Percevez-vous une souffrance ou des difficultés chez les étudiants ?

Il est indéniable que de nombreux étudiants ont été bousculés, perturbés à titre personnel par la pandémie, les confinements… Et l’actualité place tout le monde dans une situation d’insécurité qui impacte notamment les jeunes construisant leur avenir. Le phénomène n’est pas français ; de nombreuses études montrent cette tension et les échanges que j’ai pu avoir avec des collègues d’autres pays montrent que la préoccupation est présente dans la plupart des facultés. Certaines promotions sont plus touchées que d’autres. Le sujet n’est pas simple et implique l’action de professionnels. En tant que directeur, je suis particulièrement attentif à ces signaux.
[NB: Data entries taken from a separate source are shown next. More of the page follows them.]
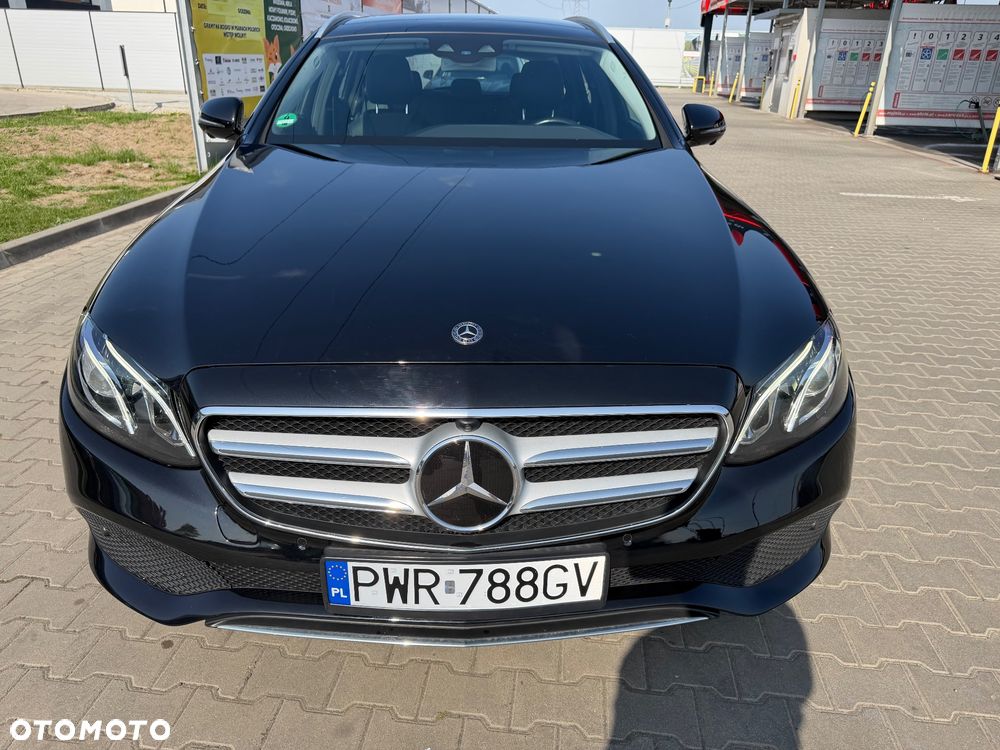 Mercedes-Benz Klasa E 220 d 9G-TRONIC Avantgarde - 16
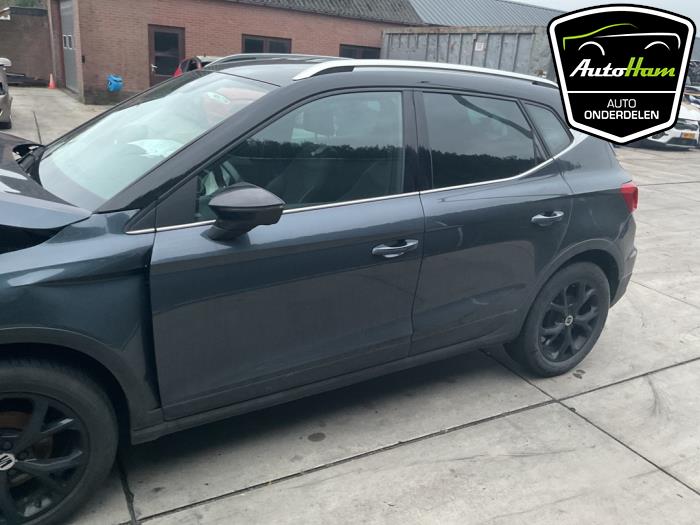 Seat Arona 1.0 TSI 12V Sloopvoertuig (2021, Grijs)
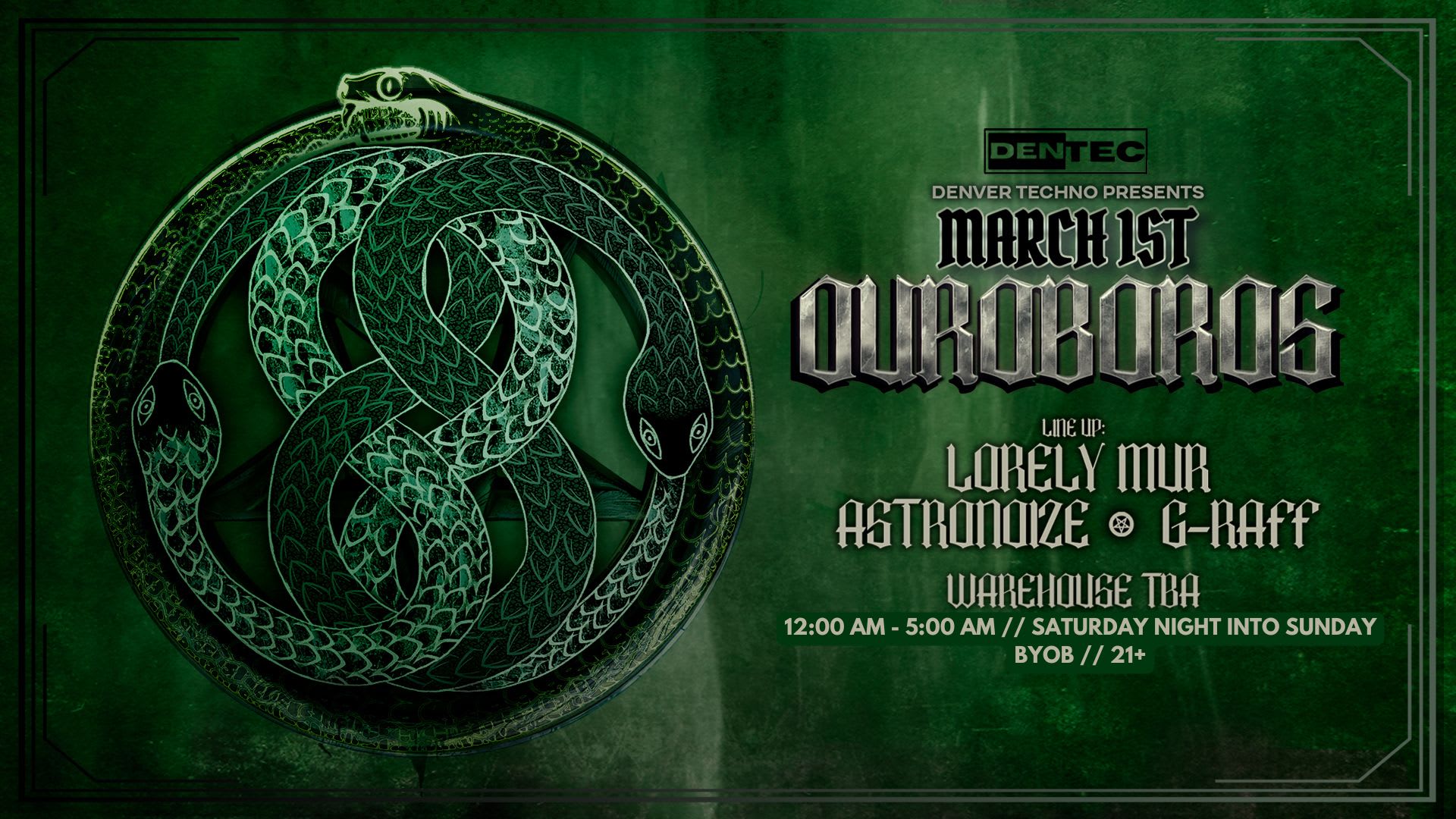 Denver Techno: Ouroboros Vol.3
Quels projets pour les mois à venir ?

Le projet d’établissement est riche. Il envisage de déplacer tout le campus équin en Normandie, la rénovation des espaces verts du campus alforien. Désormais, il nous faut reprendre en mains un campus martyrisé par quinze ans de travaux, lui redonner toute sa qualité afin d’améliorer les conditions de vie à l’ENVA. Nous projetons aussi la mise en place d’un plan de formation managériale, afin de permettre aux personnes en responsabilité d’améliorer le fonctionnement des services. Tout ceci porte une ambition : le bien-être au travail.

Nous formons nos étudiants au management, à la gestion, à la communication client mais il nous faut désormais utiliser nos plateformes hospitalières pour aussi mieux former les étudiants dans ces disciplines.

Nous avons tenu des assises de la vie étudiante qui ont été riches d’idées et de projets. Il nous faut désormais mettre tout ceci en œuvre pour améliorer la vie estudiantine, la rendre plus épanouissante après cette longue période de travaux.

Nous souhaitons aussi investir plus profondément les questions d’éthique et de déontologie, à un moment où la profession se restructure, où les questions relatives à l’indépendance taraudent les étudiants, où la préservation des conflits d’intérêts est incontournable.

Enfin, l’école sera soumise à l’évaluation européenne de l’association européenne des établissements d’enseignement vétérinaire (AEEEV). C’est un rendez-vous important pour une ENV.

Les souhaits d’orientation professionnelle des étudiants vétérinaires au début de leur cursus

Nous avons mené une enquête auprès de la promotion de seconde année qui vient tout juste de faire sa rentrée. Les résultats sont étonnants. Sur 165 élèves, 28 % ne se prononcent pas. Le choix de l’orientation vers la médecine zoologique et la faune sauvage représente 15,2 % de la promotion, ce qui est en baisse par rapport aux choix exprimés les années précédentes (plutôt de l’ordre de 25 à 30 %). Le choix de la pratique canine représente 12,8 %, celui de la pratique mixte à prédominance canine 17,7 %, celui de la pratique mixte à prédominance rurale 11,6 %, celui de la pratique mixte à prédominance équine 6,1 %, l’équine pure 4,3 %, les productions animales 1,9 %. Les autres (2,4 %) s’orientent vers la recherche, les armées, le service public. Ces chiffres révèlent donc une tendance en hausse de la pratique mixte.